[TASK MATERIAL]
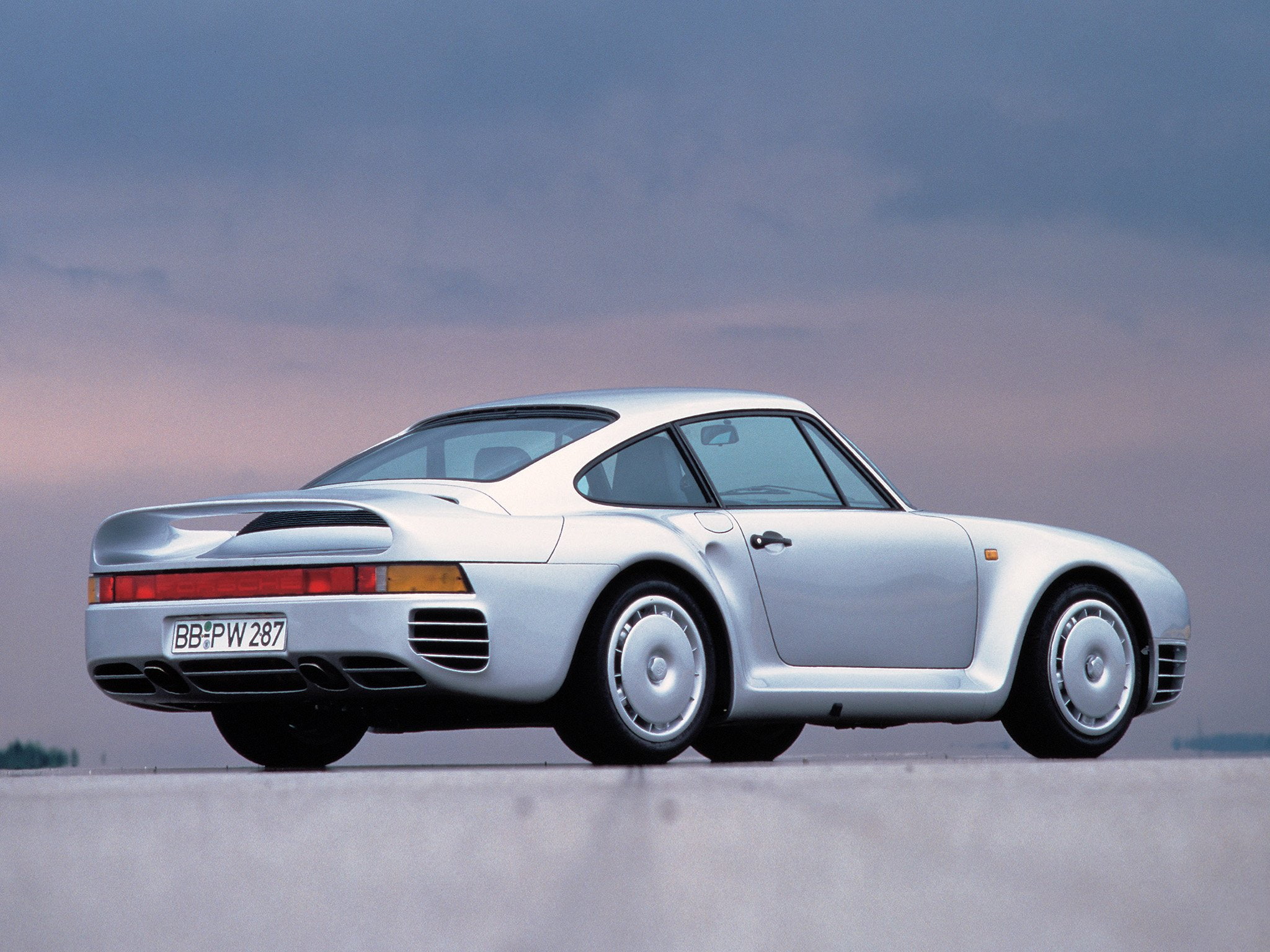 1985, 1080P, prototyp, porsche, 959, supercar, HD Wallpaper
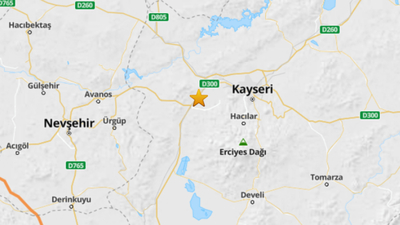 Kayseri'nin ardından Sivas'ta da deprem paniği!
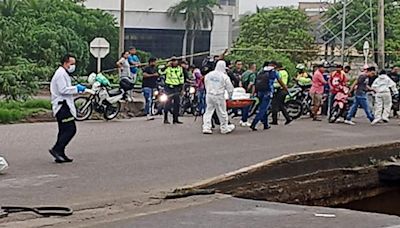 Personas heridas en caída de puente de Barranquilla luchan por su vida en hospital; son 4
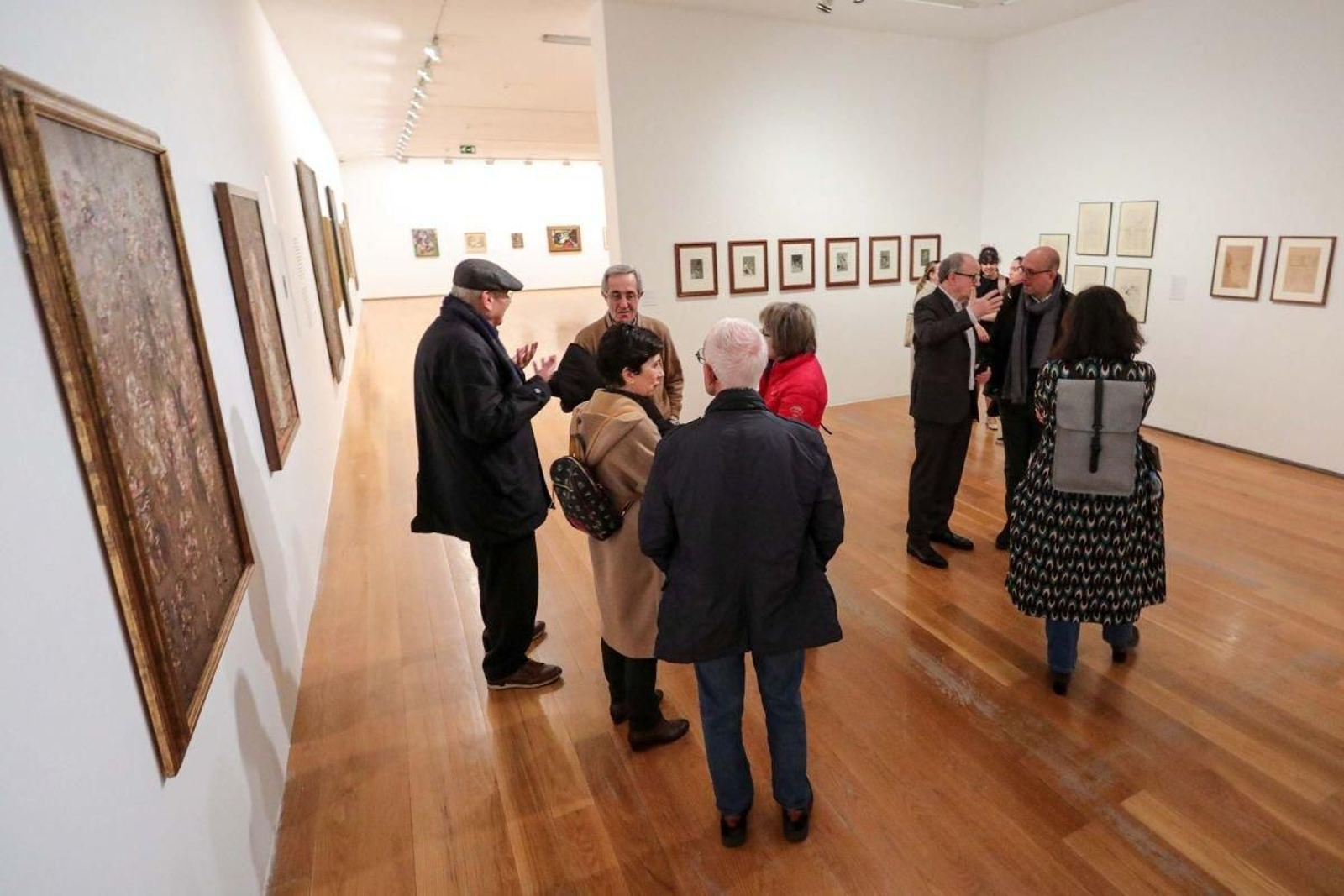 Exposición en el Marco.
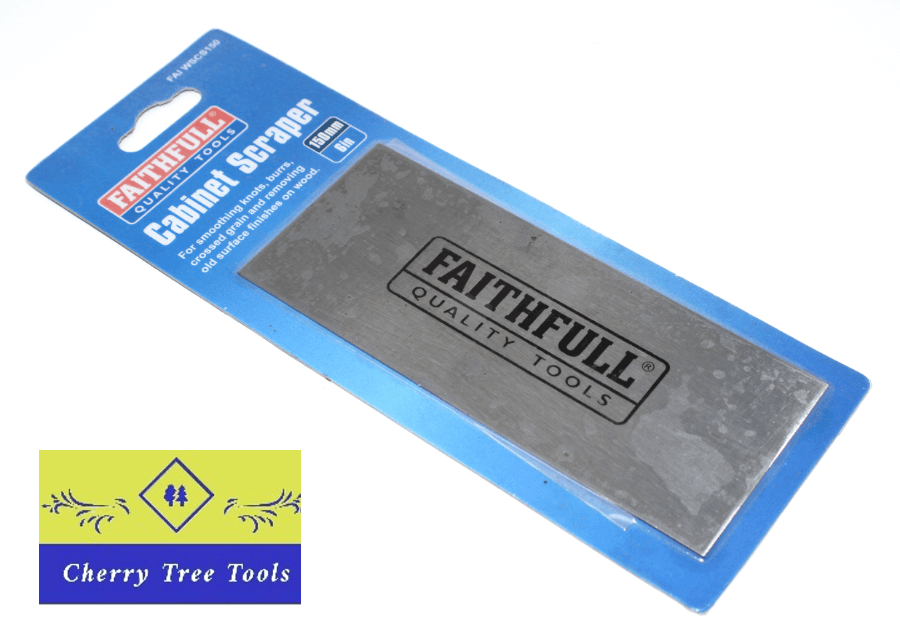 Faithfull 150mm Cabinet Scraper 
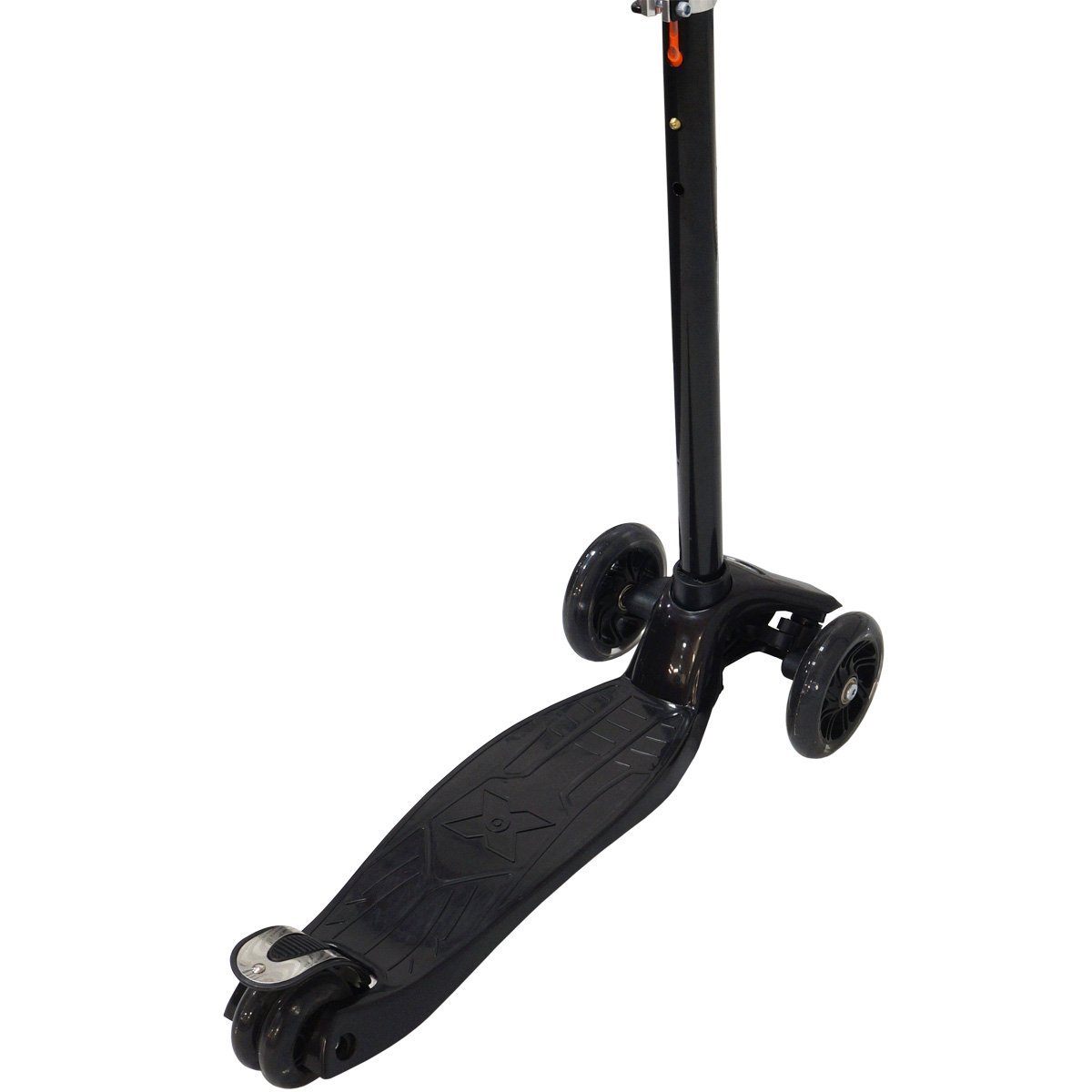 Patinete Infantil 3 Rodas em Gel Freio Masculino Menino Preto Importway Bw-011-pt Bw-011-pt Preto - 5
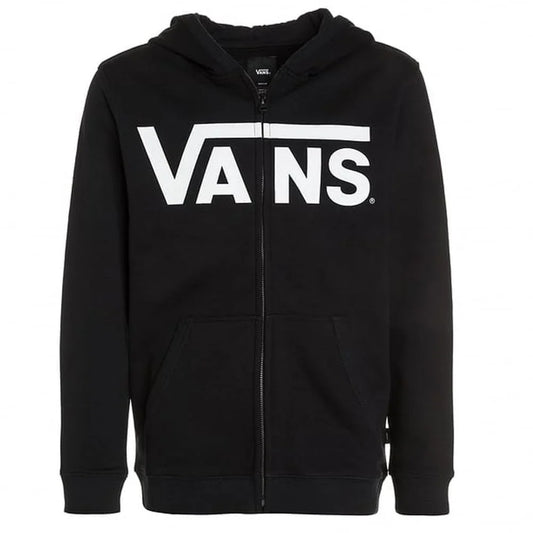 Vans 'Classic' Zip-Up Hoodie - Black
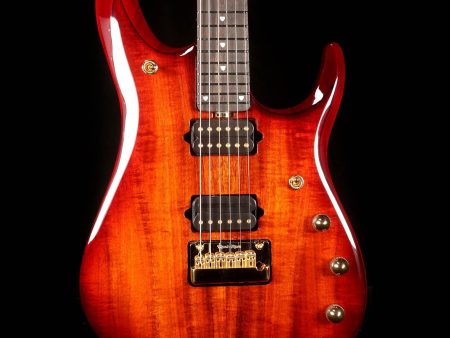 Ernie Ball Music Man BFR John Petrucci Koa Island Discount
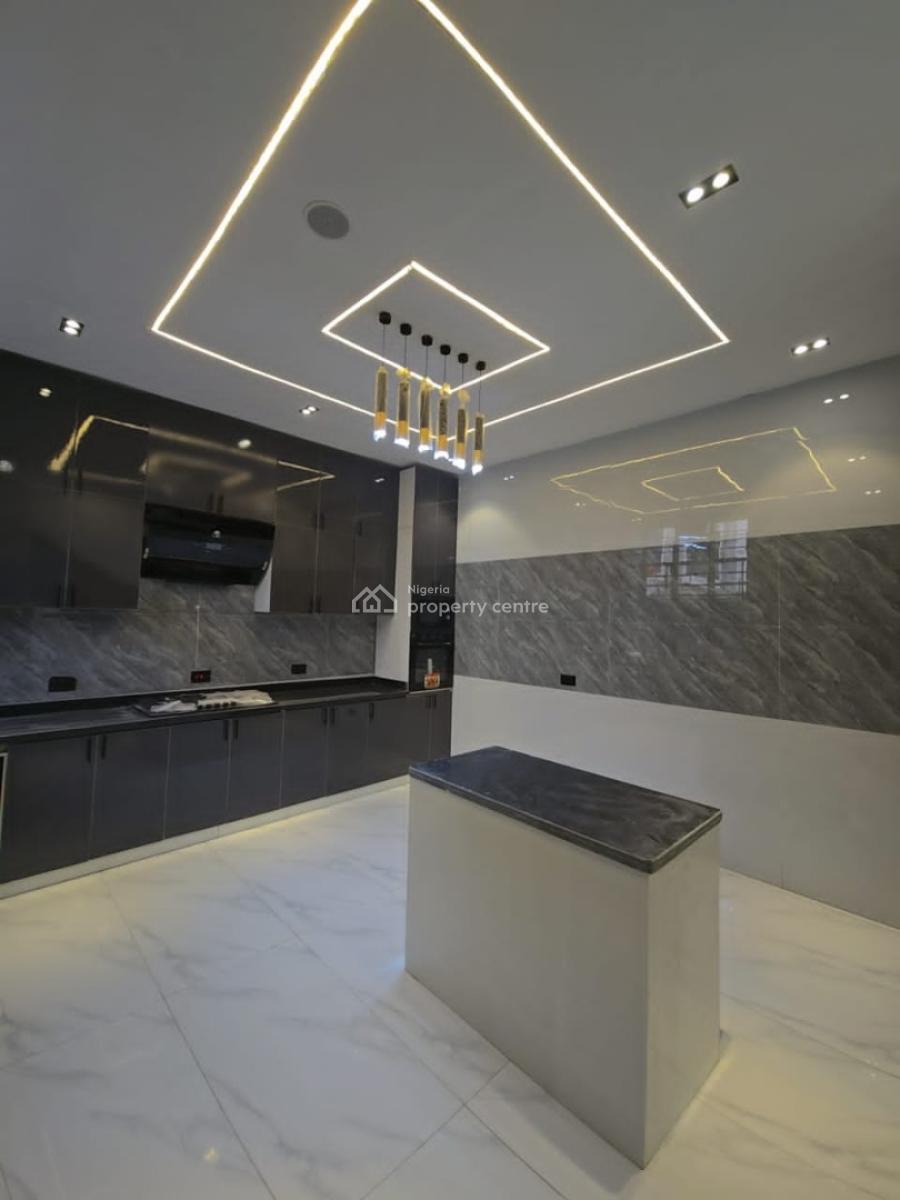 Luxury 4-bedroom Terraced Duplex, Conservation Center, Chevron Lekki, Lekki, Lagos, Terraced Duplex for Sale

[PROBLEM STATEMENT] Leave out the pictures. Transcribe the rest of the listing above exactly.

[ANSWER TO THIS PROBLEM]
 1985, 1080P, prototyp, porsche, 959, supercar, HD Wallpaper
 Kayseri'nin ardından Sivas'ta da deprem paniği!
 Personas heridas en caída de puente de Barranquilla luchan por su vida en hospital; son 4
 Exposición en el Marco.
 Faithfull 150mm Cabinet Scraper 
 Patinete Infantil 3 Rodas em Gel Freio Masculino Menino Preto Importway Bw-011-pt Bw-011-pt Preto - 5
 Vans 'Classic' Zip-Up Hoodie - Black
 Ernie Ball Music Man BFR John Petrucci Koa Island Discount
 Luxury 4-bedroom Terraced Duplex, Conservation Center, Chevron Lekki, Lekki, Lagos, Terraced Duplex for Sale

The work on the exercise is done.